WHAT YOU ARE ASKED TO DO :: Pictures aside, reproduce exactly and only the lines below, starting at the one containing "112 Miss You" and ending at the last line.

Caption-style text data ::

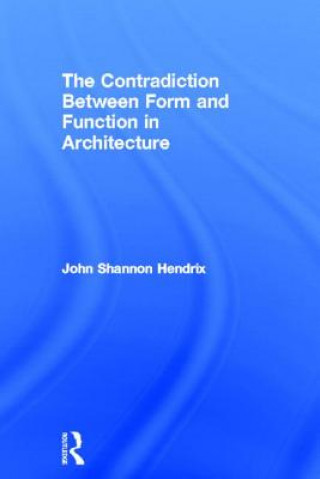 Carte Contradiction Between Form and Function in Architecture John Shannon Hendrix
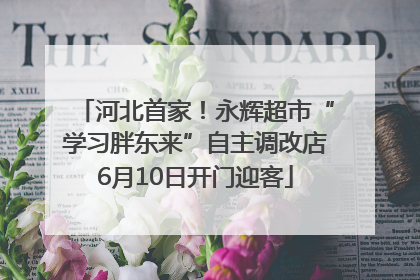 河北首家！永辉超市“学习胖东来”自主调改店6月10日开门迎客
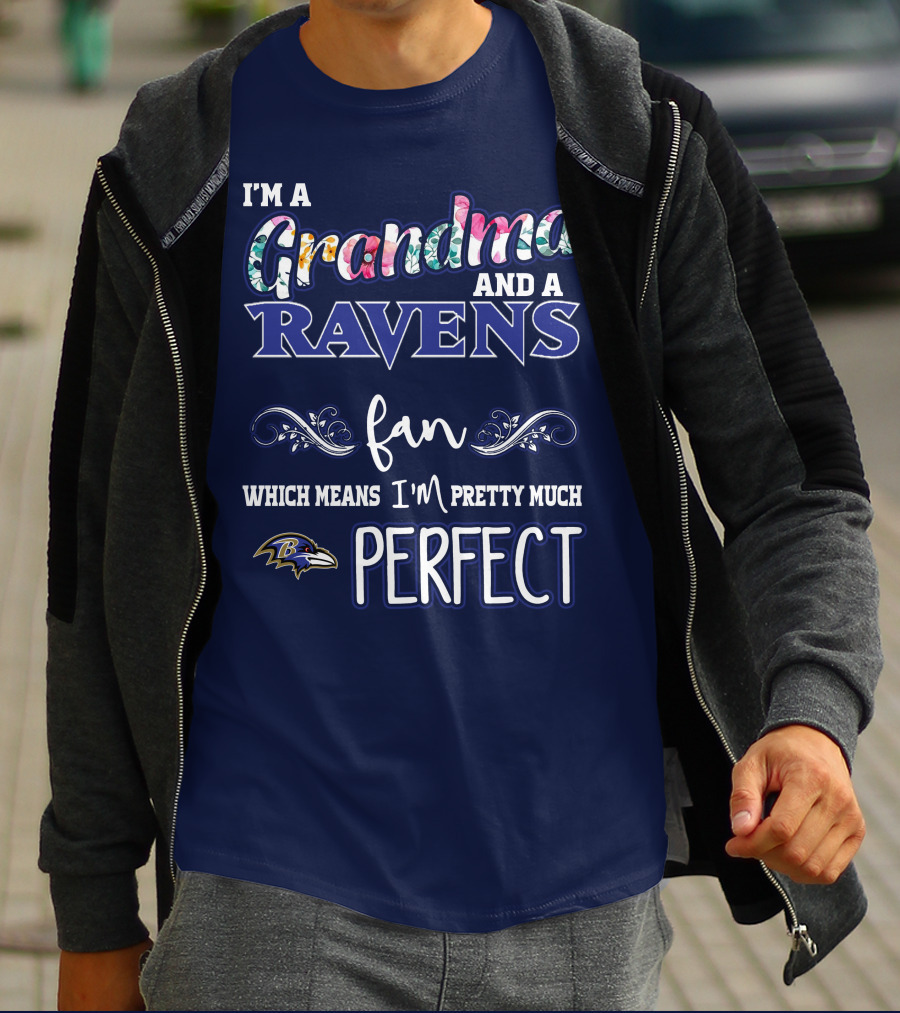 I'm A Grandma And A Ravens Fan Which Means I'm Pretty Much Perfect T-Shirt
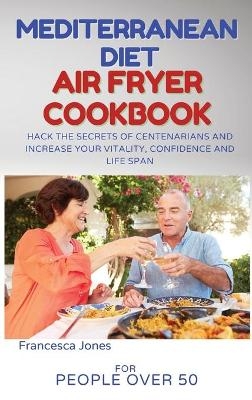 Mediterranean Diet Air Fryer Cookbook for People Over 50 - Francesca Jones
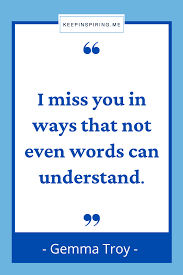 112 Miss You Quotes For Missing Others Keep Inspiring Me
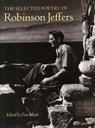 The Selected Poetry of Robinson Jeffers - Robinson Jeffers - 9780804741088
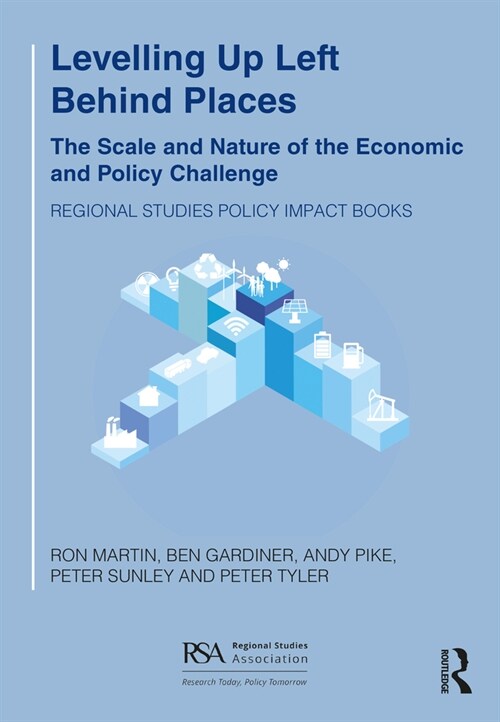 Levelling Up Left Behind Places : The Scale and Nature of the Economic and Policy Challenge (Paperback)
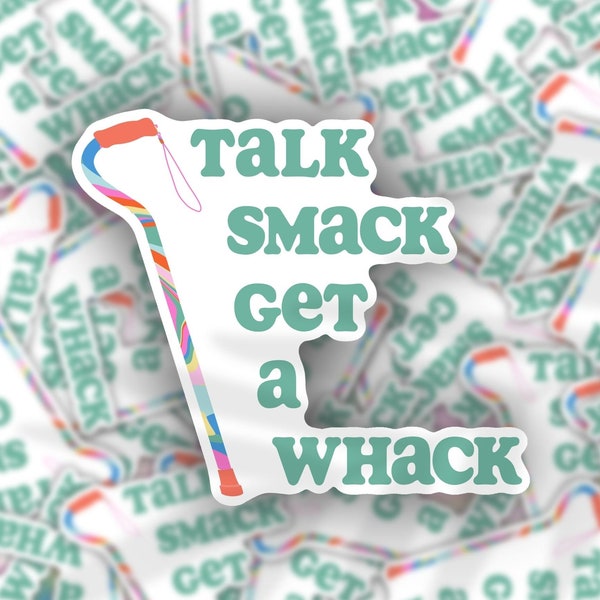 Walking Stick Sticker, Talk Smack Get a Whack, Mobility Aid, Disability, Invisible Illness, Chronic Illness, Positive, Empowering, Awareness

COMPLETED TASK ::
 112 Miss You Quotes For Missing Others Keep Inspiring Me
 The Selected Poetry of Robinson Jeffers - Robinson Jeffers - 9780804741088
 Levelling Up Left Behind Places : The Scale and Nature of the Economic and Policy Challenge (Paperback)
 Walking Stick Sticker, Talk Smack Get a Whack, Mobility Aid, Disability, Invisible Illness, Chronic Illness, Positive, Empowering, Awareness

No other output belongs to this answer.